Medigap is standardized. That means that a Plan F with ABC Company is the same coverage as with XYZ. The only difference is the logo on your ID card and the premium that you are charged. In theory, although it does not always work this way, the premium is based on customer service, the size of the insurance company you have elected, and other various factors that cause one person to purchase coverage from one company while another person purchases the same coverage from a different company at a different price.
The Centers for Medicare and Medicaid Services has written, “Choosing A Medigap Plan.” In it you will be able to learn about Medigap plans and your options. If you are age 63 or older, I recommend that reading this booklet be your first step when you start considering Medigap.
In this post I want to try to explain the difference between plan F and plan G.
Plan F is the most comprehensive Medigap plan that is currently available. As the most comprehensive, it is also the most expensive. If you use the services of a doctor who accepts Medicare, you should never again have to deal with Medical bills. That hassle is a thing of the past with Plan F.
Once you show your insurance ID card to your doctor, he will file your claim with Medicare and they will then file your claim with your Medigap plan. They in turn will pay your doctor.
If you use a doctor who does not accept Medicare, federal law limits the amount of “Excess Fees” that he can charge you to 15% of what Medicare approves. That means that you are liable for the 20% of your doctor’s bill that Medicare approves but does not pay plus his “Excess Fees.” In other words, you could find yourself liable for 35% of your doctor’s bill in you use a non-enrolled doctor.

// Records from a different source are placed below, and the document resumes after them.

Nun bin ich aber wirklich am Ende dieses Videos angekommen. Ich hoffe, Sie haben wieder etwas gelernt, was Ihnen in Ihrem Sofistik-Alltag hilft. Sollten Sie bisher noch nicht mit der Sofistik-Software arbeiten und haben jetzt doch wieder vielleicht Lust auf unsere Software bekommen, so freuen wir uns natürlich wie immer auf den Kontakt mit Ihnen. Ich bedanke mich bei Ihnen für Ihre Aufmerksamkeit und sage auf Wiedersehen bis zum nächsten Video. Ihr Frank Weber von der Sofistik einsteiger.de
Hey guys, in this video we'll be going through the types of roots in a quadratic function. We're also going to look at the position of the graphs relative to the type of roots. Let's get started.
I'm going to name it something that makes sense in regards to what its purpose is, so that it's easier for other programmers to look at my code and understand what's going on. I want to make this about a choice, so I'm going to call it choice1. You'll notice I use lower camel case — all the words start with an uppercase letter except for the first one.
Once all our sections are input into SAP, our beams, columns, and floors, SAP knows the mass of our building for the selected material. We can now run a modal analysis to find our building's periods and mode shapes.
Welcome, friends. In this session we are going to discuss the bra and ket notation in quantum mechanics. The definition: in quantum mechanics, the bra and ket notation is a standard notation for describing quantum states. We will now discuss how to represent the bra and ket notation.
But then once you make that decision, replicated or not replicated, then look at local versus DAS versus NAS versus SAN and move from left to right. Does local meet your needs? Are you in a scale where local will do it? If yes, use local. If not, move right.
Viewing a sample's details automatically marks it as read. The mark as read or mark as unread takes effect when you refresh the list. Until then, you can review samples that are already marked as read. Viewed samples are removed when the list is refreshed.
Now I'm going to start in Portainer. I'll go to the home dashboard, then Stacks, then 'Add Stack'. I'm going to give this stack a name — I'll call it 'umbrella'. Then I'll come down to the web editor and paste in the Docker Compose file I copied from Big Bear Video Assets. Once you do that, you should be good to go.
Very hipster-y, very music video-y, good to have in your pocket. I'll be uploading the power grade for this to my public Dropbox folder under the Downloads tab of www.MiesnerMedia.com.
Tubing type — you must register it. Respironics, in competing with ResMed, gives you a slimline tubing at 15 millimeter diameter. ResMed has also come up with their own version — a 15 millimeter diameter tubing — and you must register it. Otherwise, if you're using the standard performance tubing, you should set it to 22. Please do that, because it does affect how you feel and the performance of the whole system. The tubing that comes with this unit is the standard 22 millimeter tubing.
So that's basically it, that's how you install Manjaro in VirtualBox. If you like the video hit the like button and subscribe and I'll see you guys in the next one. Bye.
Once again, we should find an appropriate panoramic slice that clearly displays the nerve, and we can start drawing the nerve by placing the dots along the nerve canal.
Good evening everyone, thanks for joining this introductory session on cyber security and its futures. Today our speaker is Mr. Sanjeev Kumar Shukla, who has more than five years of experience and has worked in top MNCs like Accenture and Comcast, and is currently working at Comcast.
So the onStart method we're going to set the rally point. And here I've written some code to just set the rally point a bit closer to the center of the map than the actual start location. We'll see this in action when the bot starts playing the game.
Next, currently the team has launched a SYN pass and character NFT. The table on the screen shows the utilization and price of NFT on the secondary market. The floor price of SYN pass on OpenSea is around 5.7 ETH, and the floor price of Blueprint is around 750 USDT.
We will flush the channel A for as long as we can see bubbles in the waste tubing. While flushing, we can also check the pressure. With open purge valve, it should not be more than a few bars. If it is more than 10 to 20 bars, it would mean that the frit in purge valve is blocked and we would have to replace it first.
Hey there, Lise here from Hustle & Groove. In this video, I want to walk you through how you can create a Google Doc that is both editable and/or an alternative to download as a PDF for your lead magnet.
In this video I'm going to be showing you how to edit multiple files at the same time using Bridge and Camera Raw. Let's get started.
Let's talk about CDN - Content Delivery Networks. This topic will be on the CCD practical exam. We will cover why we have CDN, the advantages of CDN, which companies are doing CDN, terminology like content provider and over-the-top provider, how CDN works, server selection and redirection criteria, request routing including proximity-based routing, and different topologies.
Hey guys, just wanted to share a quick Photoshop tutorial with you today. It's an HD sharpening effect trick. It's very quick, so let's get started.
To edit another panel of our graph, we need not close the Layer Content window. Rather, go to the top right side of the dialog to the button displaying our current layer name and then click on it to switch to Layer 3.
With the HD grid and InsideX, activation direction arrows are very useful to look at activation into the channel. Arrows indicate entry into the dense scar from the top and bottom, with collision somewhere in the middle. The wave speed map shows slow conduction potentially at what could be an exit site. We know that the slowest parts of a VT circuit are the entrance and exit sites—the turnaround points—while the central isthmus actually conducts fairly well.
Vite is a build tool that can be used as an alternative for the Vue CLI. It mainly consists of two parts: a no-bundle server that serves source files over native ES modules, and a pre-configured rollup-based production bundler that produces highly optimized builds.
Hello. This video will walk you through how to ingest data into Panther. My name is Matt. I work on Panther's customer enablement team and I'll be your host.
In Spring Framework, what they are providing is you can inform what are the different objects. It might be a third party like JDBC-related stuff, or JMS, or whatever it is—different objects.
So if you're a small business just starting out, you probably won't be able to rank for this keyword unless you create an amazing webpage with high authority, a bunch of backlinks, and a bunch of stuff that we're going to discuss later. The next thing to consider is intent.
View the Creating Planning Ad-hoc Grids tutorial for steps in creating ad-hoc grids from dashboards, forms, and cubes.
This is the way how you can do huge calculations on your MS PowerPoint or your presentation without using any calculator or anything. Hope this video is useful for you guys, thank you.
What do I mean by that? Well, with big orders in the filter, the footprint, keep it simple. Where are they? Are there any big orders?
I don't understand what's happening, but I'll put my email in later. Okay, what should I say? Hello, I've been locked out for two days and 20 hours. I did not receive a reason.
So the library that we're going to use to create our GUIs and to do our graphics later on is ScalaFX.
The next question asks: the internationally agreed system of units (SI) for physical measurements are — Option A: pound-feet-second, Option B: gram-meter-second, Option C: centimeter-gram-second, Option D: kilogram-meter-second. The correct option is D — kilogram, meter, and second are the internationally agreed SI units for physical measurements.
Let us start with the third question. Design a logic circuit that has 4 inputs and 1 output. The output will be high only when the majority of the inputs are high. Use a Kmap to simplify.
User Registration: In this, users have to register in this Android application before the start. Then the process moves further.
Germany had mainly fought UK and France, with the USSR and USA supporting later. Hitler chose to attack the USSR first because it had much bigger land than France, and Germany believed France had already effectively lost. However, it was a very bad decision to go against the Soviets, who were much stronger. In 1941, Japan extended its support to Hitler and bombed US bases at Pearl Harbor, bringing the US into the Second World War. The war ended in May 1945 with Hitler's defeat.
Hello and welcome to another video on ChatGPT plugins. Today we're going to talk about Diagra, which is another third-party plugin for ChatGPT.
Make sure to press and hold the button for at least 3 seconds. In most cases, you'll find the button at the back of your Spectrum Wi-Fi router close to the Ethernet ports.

If you elect to go to a doctor who does not accept Medicare, he is still obligated to file your claim with Medicare. Medicare will forward your claim to your Medigap plan after it has finished.
The difference is that you will have to pay your non-enrolled doctor directly and wait to be reimbursed. You will eventually get refund checks from Medicare and Medigap.
Medigap, Plan F will pay anything and everything that Medicare does not. Things that Medigap Plan F will pay include;
- Medicare Part A Deductible
- Medicare Part B Deductible
- Medicare Part B 20% co-insurance
- Excess Fees
- Foreign Travel Medical Emergencies (Coverage is limited)
Medigap Plan G is identical to Plan F with 2 significant differences.
- Plan G does not pay Medicare’s Part B Deductible. You would have to deal with the bookkeeping for that. The deductible for 2012 was only $140. You will be required to pay that to your doctor out of your pocket. As expensive as many doctor’s visits are, it is likely that you will pay your deductible after just one or two visits to your doctor. You should not have any bookkeeping problems for the rest of the year.
- The difference in premium for Plan G, over the year, typically is going to be more than the annual Medicare B deductible.
As I mentioned above, both plans are excellent. You cannot go wrong with either. If you are value conscience and look to save every penny you can, Plan G is a better deal.
If, however, you want a plan that will eliminate every bookkeeping responsibility, Plan F is probably what you are looking for.